Each diagnosis could also then be presented with additional direction
to the doctor to further explore for additional symptoms and/or order
an additional test. These additional observations and/or test results
would again then be fed into the system where it could re-evaluate
the probable diagnoses cancelling out some while raising the
probability of others. In addition to immediate interactions with the
software, Intensive Care Unit’s machine observation data (e.g.,
oxygen levels, heart monitors) could be constantly fed into the
system to allow the software to be looking for patterns that match
other known diagnosis that would never be able to be caught by a
human as it would take too much time to evaluate the data.”

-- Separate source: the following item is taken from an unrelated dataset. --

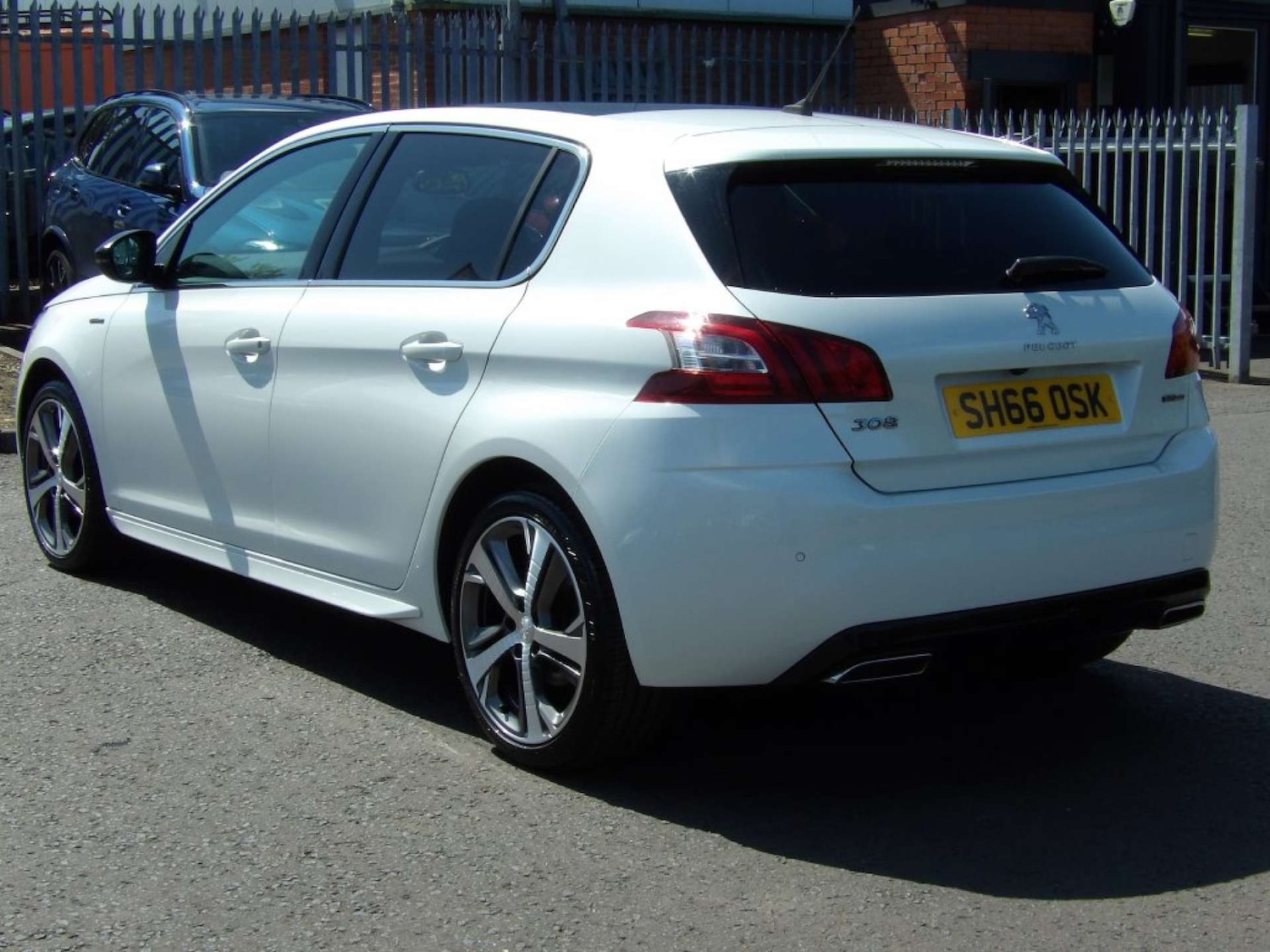 Used Peugeot 308 2016 for sale - 77880389: Photo 5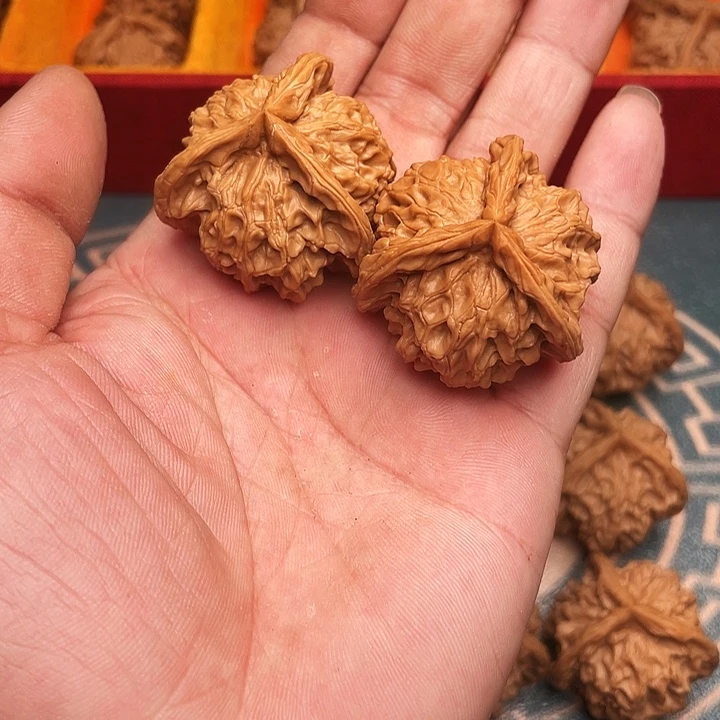 银***雲吊坠文玩核桃一图一物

What we are presented with here is indeed
a futuristic image – albeit a dystopic one. Already hospitals and
large clinical surgeries with multiple doctors have become, as Dr
David Zigmond notes, more like airports than the so-called
‘old-fashioned’ surgeries run by family doctors – who knew
their patients and their lives intimately. In contrast, in our
clinical ‘airports’ you check in, go through a gate to see to see
a doctor and check out with a prescription or referral for a further
test of some sort or a consultation with a specialist.
For decades now, employment in
manufacturing industries such as car-making has fallen through the
introduction of robots that are pre-programmed to do the job required
of them more precisely than any human worker could. Now however, we
are confronted with the prospect of human beings, all seen as
anonymous body-machines to be processed in automated high-tech
hospital ‘repair stations’, and, as in some futuristic science
fiction movie – conveyed on a factory-like medical conveyor belt.
Stop one on the belt: patients’ bodies are CCTV’d and perhaps
even scanned in different ways while what they look like and say is
digitally recorded to be searched for diagnostic signs, keywords and
patterns. Stop 2: they are sent on a second conveyor line where blood
tests or further scans are conducted automatically. Stop 3: they are
either discharged from this fully automated hi-tech hospital ‘garage’
– where they are given any necessary drugs, a dose of radiotherapy,
are either then conveyed to a stationary ‘cubicle’ for further
processing – or else to an operating theatre ‘manned’ entirely
by robots. And all this with the whole technological process merely
supervised by a handful of technicians and actual human doctors.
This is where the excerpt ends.